The Elephant in the Room: Catastrophic Forgetting

Imagine you’re training an intelligent assistant to handle customer support at your company. Initially, the assistant learns everything about your current products and customer needs. It performs brilliantly—answering questions, handling complaints, and providing clear solutions. A few months later, your company launches a new product line. Naturally, you update your assistant to understand and support these new products.
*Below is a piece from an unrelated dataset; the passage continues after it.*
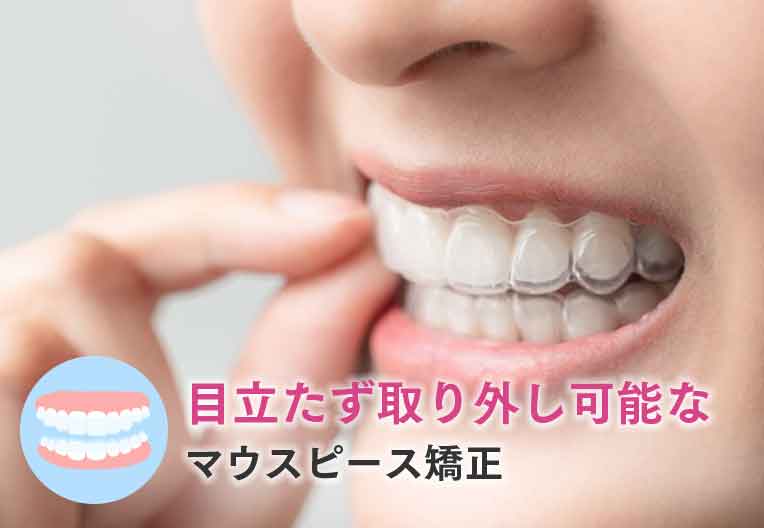 インビザライン(マウスピース矯正)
But then something surprising and frustrating happens: suddenly, the assistant struggles to answer basic questions about your older products—questions it previously answered flawlessly.

This phenomenon isn’t hypothetical; it’s a well-known, pervasive problem in machine learning called “catastrophic forgetting.” At its core, catastrophic forgetting occurs when a neural network is updated to learn a new task or incorporate new data, and in the process, it inadvertently erases or significantly damages knowledge it previously acquired. Neural networks, especially the enormous transformer-based architectures powering today’s most powerful LLMs, represent knowledge through distributed connections between millions—or even billions—of parameters. When these connections are updated to accommodate new information, the precise tuning that previously enabled high performance on older tasks often gets disrupted. For example:

  • Enterprise Knowledge Management: Companies regularly update policies, introduce new products, or retire old services. Each update risks impairing a language model’s ability to retrieve or utilize previously learned knowledge crucial to ongoing customer interactions or internal operations.
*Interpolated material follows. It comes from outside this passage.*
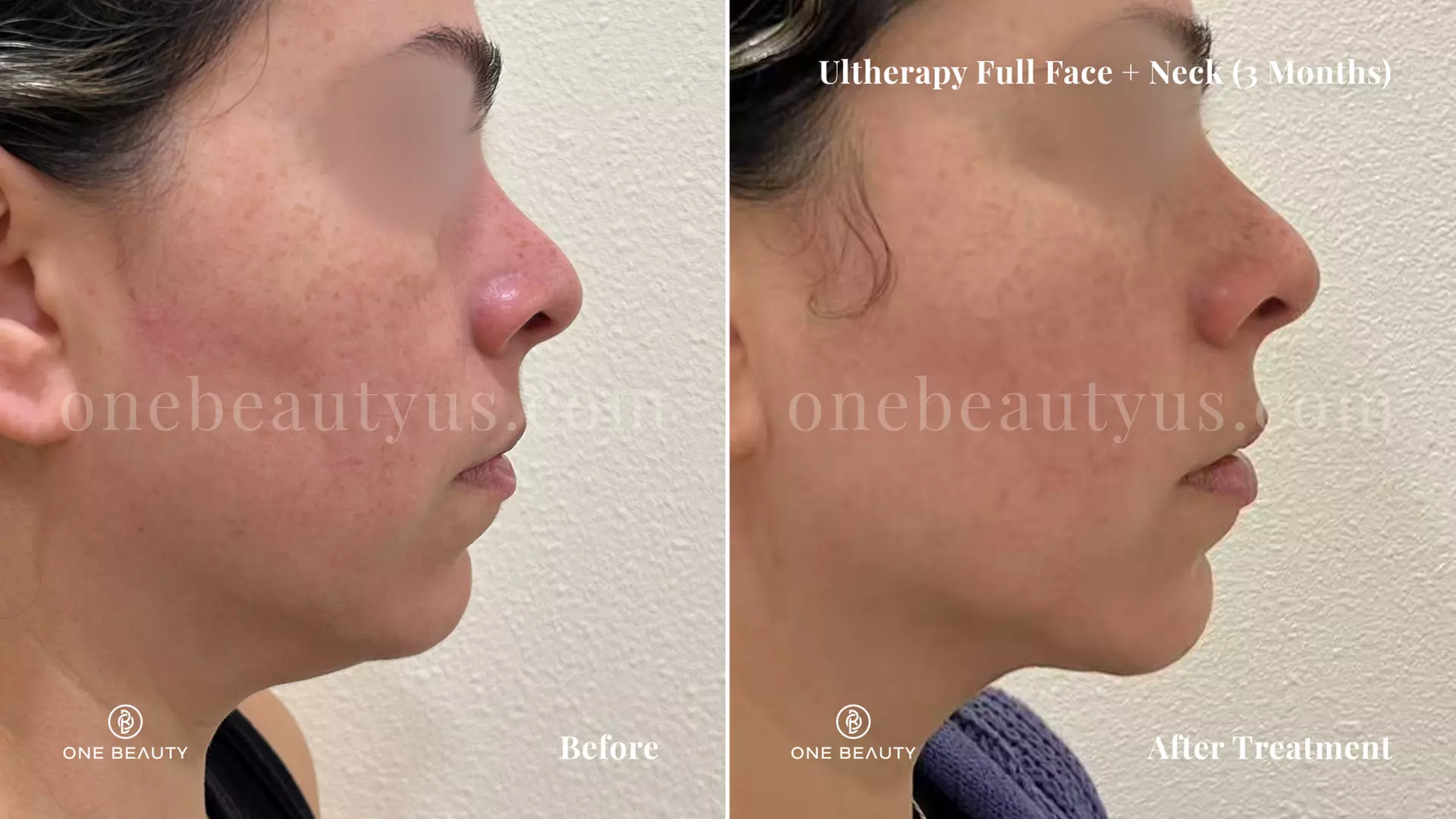 Ultherapy / Ultrasonic Facial at One Beauty Aesthetics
  • Medical Applications: Consider a healthcare-focused language model that assists clinicians by providing diagnostic guidance or referencing up-to-date treatment protocols. If updating the model with the latest medical research causes it to “forget” critical older knowledge—like standard drug interactions or established clinical procedures—the consequences could be severe and potentially dangerous.

The issue is further magnified by the fact that in practical scenarios, updates aren’t occasional—they’re frequent and continuous. Enterprises experience a near-constant influx of data, shifting customer expectations, and evolving business strategies. If every incremental update to the language model leads to catastrophic forgetting, the model quickly becomes unreliable and potentially unusable, resulting in lost trust, increased operational costs, and significant frustration among users and stakeholders.

Thus, catastrophic forgetting is not just a theoretical curiosity—it’s a profound challenge that urgently demands robust solutions. If large language models are to realize their full potential in the real world, we must equip them with the capability to continuously learn, update, and adapt—without losing their accumulated knowledge.


Why Existing Solutions Fall Short

So, catastrophic forgetting is clearly a significant obstacle. Naturally, the machine learning community has proposed various solutions to tackle it. Unfortunately, most existing approaches come with notable limitations and fail to fully address this challenge in practice. Let’s break them down one by one.

Replay Buffers: Why Revisiting Old Data Isn’t Enough

One common workaround to mitigate forgetting is the use of replay buffers—storing and periodically revisiting examples from previously learned tasks during training of new tasks. The idea here is intuitive: if the model regularly revisits older data, it should, in theory, retain previously learned information.

However, while replay buffers help to some extent, they introduce several practical and fundamental issues:

  • Performance Still Degrades:
    Even with replay, performance gradually drops as the number of tasks increases. The buffer size is typically limited due to memory constraints, meaning older tasks inevitably get underrepresented over time, causing slow and steady forgetting.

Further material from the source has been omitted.